Beykoz Sempozyumu, İstanbul, Turkey, 27 - 29 November 2020, pp.56-58
Ekonomisi genellikle tarımsal üretime dayalı olan Osmanlı İmparatorluğu’nda öne çıkan bir diğer sektör olarak da sanayi, daha çok küçük imalat ve
lonca meslek gruplarına bağlı olarak atölyeler şeklinde çalışmaktaydı. Osmanlı’da 18. yy.’ın ilk çeyreğinden başlamak üzere sanayileşme çabaları başlamış
(özellikle 19. yy.’da) ve işletmeye açılan sanayi tesisleri daha çok devlet işletmeleri şeklinde kendini göstermiştir. Makine ve teçhizatı çoğunlukla yurtdışından getirilerek Fabrika-ı Hümayun ismiyle kurulan fabrikaların hemen tamamı öncelikle ordunun ve payitahtın ihtiyaçlarını karşılamak üzere hizmete
açılmıştır. Kaynaklardan 19. yy.’da devlete ait kurulan fabrika sayısının 150 ile
160 arasında olduğu ve bu fabrikaların da yaklaşık % 65’inin İstanbul ve yakın
çevresinde kurulduğu bilinmektedir. Bu dönemde İstanbul ve çevresinde hizmete açılan işletmelerin yaklaşık %15’i İstanbul’un nispeten uzağında Beykoz
ve çevresinde kurulmuştur. Bu çerçevede araştırma alanı olarak belirlenen ve
İstanbul’un güzide ilçelerinden biri olan Beykoz, 19. yy. başlarından itibaren
devlet eliyle fabrikasyon işletmelerin açıldığı ve yoğunlaştığı önemli alanlardan biri olmuştur.
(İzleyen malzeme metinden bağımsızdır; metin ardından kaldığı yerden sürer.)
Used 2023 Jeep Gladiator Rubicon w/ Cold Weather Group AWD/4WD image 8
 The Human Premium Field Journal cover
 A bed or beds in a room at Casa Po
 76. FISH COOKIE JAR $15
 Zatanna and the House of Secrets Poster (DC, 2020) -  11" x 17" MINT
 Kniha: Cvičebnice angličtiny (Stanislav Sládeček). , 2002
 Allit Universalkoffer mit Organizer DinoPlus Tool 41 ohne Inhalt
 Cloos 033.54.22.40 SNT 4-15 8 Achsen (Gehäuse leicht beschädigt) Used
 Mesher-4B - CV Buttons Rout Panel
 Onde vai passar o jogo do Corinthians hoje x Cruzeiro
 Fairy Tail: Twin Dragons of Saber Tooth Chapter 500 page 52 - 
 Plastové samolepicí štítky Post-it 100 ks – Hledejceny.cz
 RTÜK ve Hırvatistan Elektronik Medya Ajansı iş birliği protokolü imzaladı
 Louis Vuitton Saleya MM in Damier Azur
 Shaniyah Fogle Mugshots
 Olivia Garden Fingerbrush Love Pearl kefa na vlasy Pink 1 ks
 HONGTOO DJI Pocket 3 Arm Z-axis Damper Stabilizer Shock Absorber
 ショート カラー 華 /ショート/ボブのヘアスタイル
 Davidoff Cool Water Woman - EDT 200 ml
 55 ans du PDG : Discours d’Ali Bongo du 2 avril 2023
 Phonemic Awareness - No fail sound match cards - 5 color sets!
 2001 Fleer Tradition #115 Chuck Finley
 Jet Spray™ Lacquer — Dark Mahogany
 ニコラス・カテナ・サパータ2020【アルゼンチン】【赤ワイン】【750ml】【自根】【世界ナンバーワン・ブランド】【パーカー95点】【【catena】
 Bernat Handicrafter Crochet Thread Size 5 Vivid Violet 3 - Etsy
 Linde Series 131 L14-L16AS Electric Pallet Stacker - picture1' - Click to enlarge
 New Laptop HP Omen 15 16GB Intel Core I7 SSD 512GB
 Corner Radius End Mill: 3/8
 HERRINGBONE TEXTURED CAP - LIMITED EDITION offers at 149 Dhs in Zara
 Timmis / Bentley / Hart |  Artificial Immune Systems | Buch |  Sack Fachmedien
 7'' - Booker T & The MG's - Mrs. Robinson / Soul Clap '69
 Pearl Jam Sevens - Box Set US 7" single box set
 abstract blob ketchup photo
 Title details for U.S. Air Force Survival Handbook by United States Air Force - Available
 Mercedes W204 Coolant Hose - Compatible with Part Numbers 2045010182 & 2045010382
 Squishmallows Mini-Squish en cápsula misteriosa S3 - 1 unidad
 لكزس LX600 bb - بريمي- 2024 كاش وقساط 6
Osmanlı Dönemi’nde sanayi tesislerinin Beykoz’da kurulmasında; buradaki Küçüksu, Göksu, Çubuklu, Riva, Tokat gibi derelerin taşıdığı
önemli miktarda su varlığının, bu derelerin taşıdığı ve biriktirdiği kil oranı yüksek, kırmızı renkli alüvyonların, neojen yaşlı silis ocakların ve çevredeki ormanlardan sağlanan odun ve kereste varlığının etkisi göz ardı edilemez. Bu su ve
hammadde kaynakları varlığı ile dönemin yetkililerinin Beykoz’u tercih etmeleri, burada sanayi açısından bir başlangıcı oluşturmuş ve Beykoz, İncirköy, Çubuklu, Paşabahçe imalathanelerin ilk kurulduğu semtler olarak belirmiştir. Bu
kapsamda 19. yy.’ın başlarında III. Selim döneminde Beykoz ve çevresinde ilk
kurulan fabrikalar; Beykoz Kâğıthanesi (1802-1804), Beykoz Çuha Fabrikası
(1805), Beykoz-İncirköy Cam ve Porselen Fabrikası ve Beykoz Deri ve Kundura Fabrikaları olmuştur. Daha sonra II. Mahmut döneminden sonra gerek devlet eliyle, gerekse özel teşebbüs ve yabancı ortaklıklarla Beykoz ve çevresinde
çeşitli sektörlerde sanayi işletmeleri açılmıştır. Bu tesislerin bazıları çeşitli sebeplerle çok uzun ömürlü olamamış, bazıları da Cumhuriyet sonrası neredeyse günümüze yakın bir zamana kadar işletmeye açık kalabilmiştir. Cumhuriyet
sonrası Üsküdar’a bağlı bir kasaba görünümünde olan Beykoz, 1930 yılında
ilçe statüsü kazanmıştır. İlçe, 1935 Genel Nüfus Sayımı verilerine göre 21308
nüfusa sahip iken, bu değer gerek kırdan kente, gerekse yurtdışından göçlerle
2019 yılında 248260’a yükselmiştir. Bu nüfus artışında çalışma konusu olan
sanayi ve sanayileşmenin de payı oldukça önemli bir boyuttadır. Bu çalışmanın
amacı, Beykoz İlçesi’ndeki sanayileşmenin tarihsel gelişimini ve bu gelişimin
nedenlerini, yapısını ve sektörlerin dağılımını belirlemektir. 2017 yılı verileri itibariyle ilçede; başta Dokuma, giyim eşyası ve deri sanayi, Taş-Toprağa dayalı
sanayi, Gıda, içki ve tütün sanayi ve Kimya, petrol, kauçuk, plastik sanayileri
olmak üzere çeşitli sektörlerde 123 sanayi işletmesinde toplam 6914 kişi çalışmaktadır. Çalışmada veri kaynağı olarak, tarihi belge ve dokümanlar, bildiri,
makale ve kitaplar ile İstanbul Sanayi Odası, İstanbul Büyükşehir Belediyesi,
Türkiye İstatistik Kurumu ile Sanayi ve Teknoloji Bakanlığı’ndan elde edilen veriler kullanılmıştır.